"""

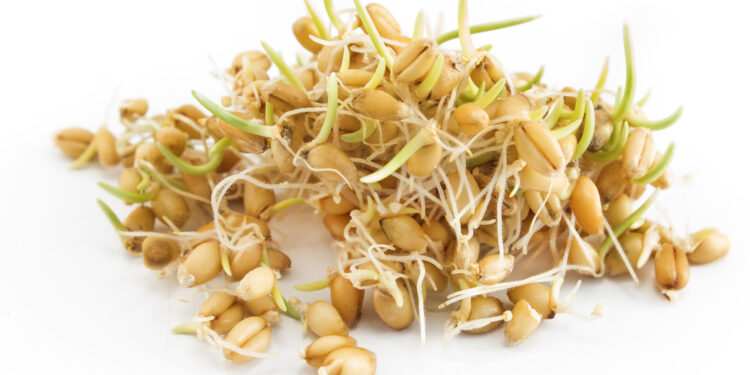 Kviečių gemalų nauda sveikatai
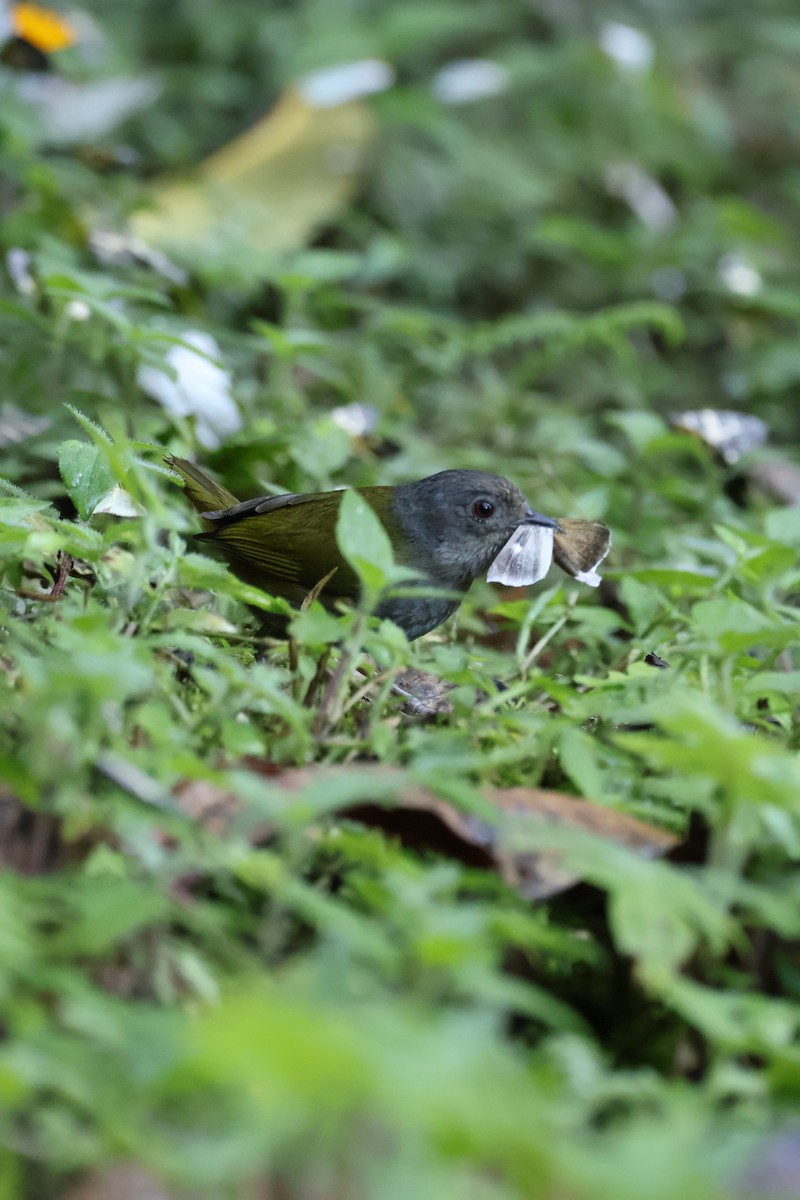 Dusky Chlorospingus - ML641980632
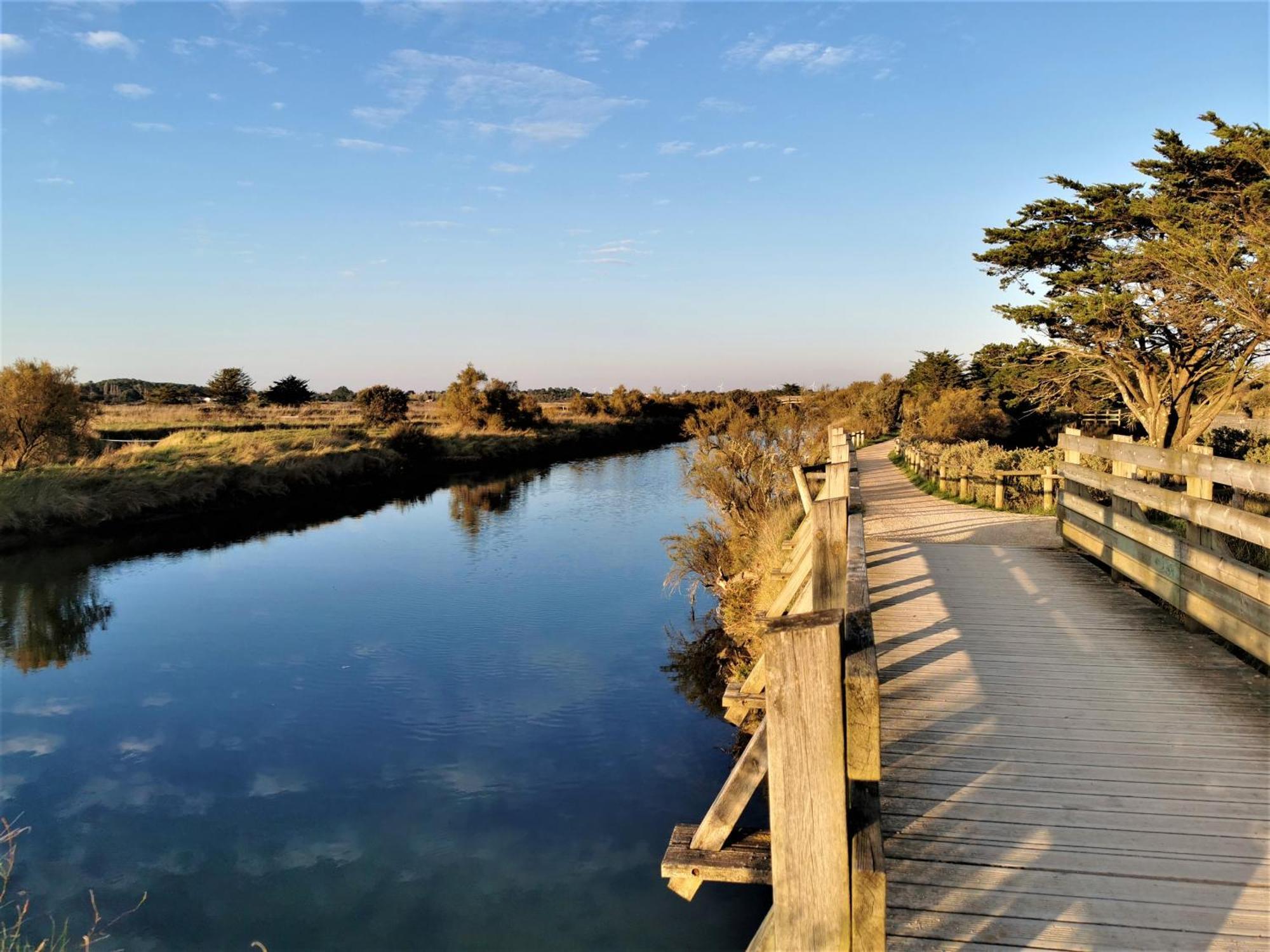 La Lezardiere A Deux Pas Des Quais Villa Les Sables-d'Olonne Ngoại thất bức ảnh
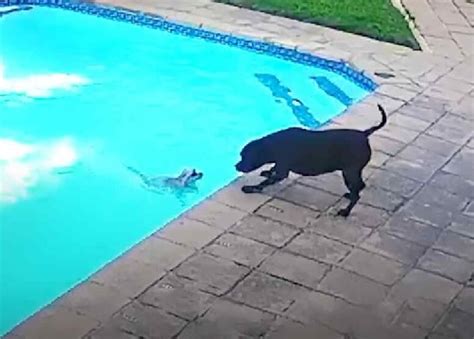 Hero Dog Saved His Best Friend From Drowning Pet Lovers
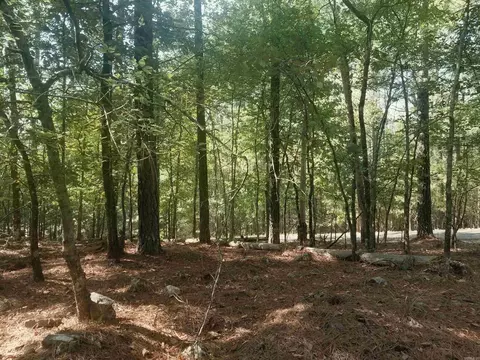 19 Celeste Ln, Hot Springs Village, AR 72122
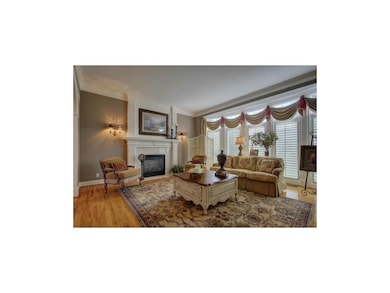 Living room has plantation shutters, fireplace, ha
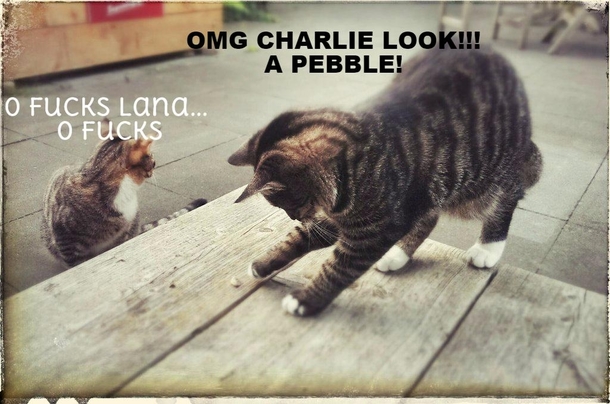 Pic #7 - Meet Charlie and Lana - The Album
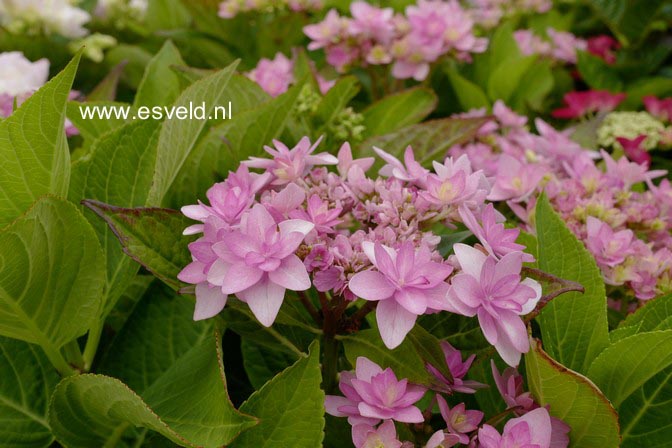 Hydrangea macrophylla 'Youmenine' (ROMANCE)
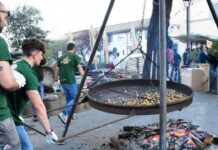 Sagra della Castagna di Manziana: programma 2026 della tre giorni di festa, musica e sapori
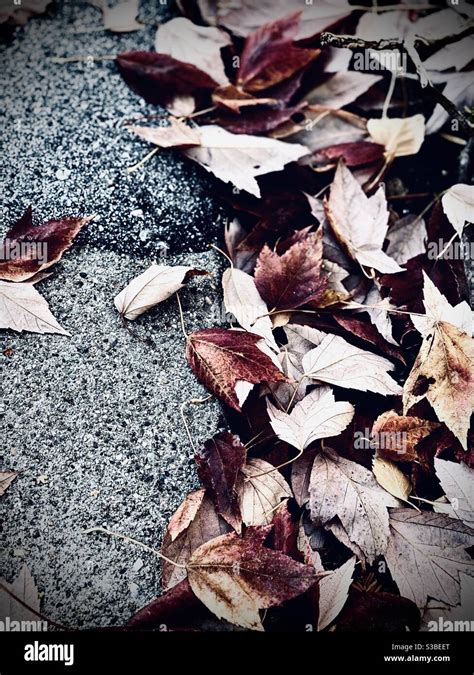 Autumn Leaves Fallen On An Asphalt Rode Stock Photo Alamy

"""

■ **What to work on**
Can you repeat every record above exactly, apart from the pictures?

■ **Solution to the problem**
 Kviečių gemalų nauda sveikatai
 Dusky Chlorospingus - ML641980632
 La Lezardiere A Deux Pas Des Quais Villa Les Sables-d'Olonne Ngoại thất bức ảnh
 Hero Dog Saved His Best Friend From Drowning Pet Lovers
 19 Celeste Ln, Hot Springs Village, AR 72122
 Living room has plantation shutters, fireplace, ha
 Pic #7 - Meet Charlie and Lana - The Album
 Hydrangea macrophylla 'Youmenine' (ROMANCE)
 Sagra della Castagna di Manziana: programma 2026 della tre giorni di festa, musica e sapori
 Autumn Leaves Fallen On An Asphalt Rode Stock Photo Alamy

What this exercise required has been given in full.